Jason Marczak, a Latin America expert at the Atlantic Council, said despite its baggage, Trump’s team has the basis for a strong Venezuela policy, including sanctions against the Venezuelan government and close coordination with regional allies like Colombia. “On Venezuela, the administration has walked a fine line in playing a forward-leaning leadership role, but also a behind the scenes convening role,” he said.

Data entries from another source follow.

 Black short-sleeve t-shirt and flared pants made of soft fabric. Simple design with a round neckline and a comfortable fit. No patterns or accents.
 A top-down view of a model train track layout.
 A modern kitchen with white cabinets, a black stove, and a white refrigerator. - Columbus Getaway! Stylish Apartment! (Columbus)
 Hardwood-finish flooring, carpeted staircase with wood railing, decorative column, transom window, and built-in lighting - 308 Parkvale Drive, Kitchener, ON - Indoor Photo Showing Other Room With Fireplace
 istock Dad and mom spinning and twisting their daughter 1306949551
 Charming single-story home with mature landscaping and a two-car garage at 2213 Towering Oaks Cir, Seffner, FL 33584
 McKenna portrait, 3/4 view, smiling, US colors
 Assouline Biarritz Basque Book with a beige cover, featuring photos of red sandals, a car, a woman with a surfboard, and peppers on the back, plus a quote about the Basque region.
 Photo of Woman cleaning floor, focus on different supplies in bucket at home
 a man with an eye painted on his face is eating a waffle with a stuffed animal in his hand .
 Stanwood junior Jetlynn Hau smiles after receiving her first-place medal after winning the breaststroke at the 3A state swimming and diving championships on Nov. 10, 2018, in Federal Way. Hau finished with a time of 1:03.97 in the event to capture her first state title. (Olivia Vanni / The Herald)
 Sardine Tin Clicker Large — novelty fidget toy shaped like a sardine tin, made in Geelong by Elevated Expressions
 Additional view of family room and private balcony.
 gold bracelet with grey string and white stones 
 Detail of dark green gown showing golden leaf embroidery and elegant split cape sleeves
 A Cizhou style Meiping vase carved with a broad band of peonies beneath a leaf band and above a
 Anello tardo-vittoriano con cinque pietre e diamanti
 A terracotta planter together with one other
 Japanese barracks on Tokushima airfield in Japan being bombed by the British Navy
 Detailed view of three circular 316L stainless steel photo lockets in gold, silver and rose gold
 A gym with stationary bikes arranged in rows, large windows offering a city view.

Marczak said Tillerson should use the trip to corral Latin America around a unified stance on Venezuela before the country veers off a cliff. “There is no end in sight to the crisis in Venezuela, but there needs to be one,” he said.
Another area where Tillerson might get plenty of traction, and even win goodwill, is on energy partnerships with Latin America.
Amid an energy boom in recent years, U.S. exports of crude oil, gasoline, and natural gas have surged. Countries across Latin America are eager customers for U.S. exports — especially now that one of the region’s biggest suppliers, Venezuela, has fractured its own oil industry through chronic ineptitude and mismanagement. And Tillerson, former CEO of oil giant ExxonMobil, may be the perfect man to deliver that pitch.
The U.S. natural gas boom is also finding new customers in Latin America, with American shipments heading to at least five countries there in the second half of 2017, making it the biggest single market for U.S. liquefied gas exports. Smaller countries can now buy inexpensive gas import terminals and get modest amounts of cheap U.S. gas, which has given U.S. exporters new options.
Thirty-six percent of U.S. liquified natural gas exports now go to Latin America, Tillerson noted.
“We have the chance to develop an energy partnership that spans the Western Hemisphere, to the benefit of all of our citizens,” Tillerson said. “We cannot afford to squander this moment.”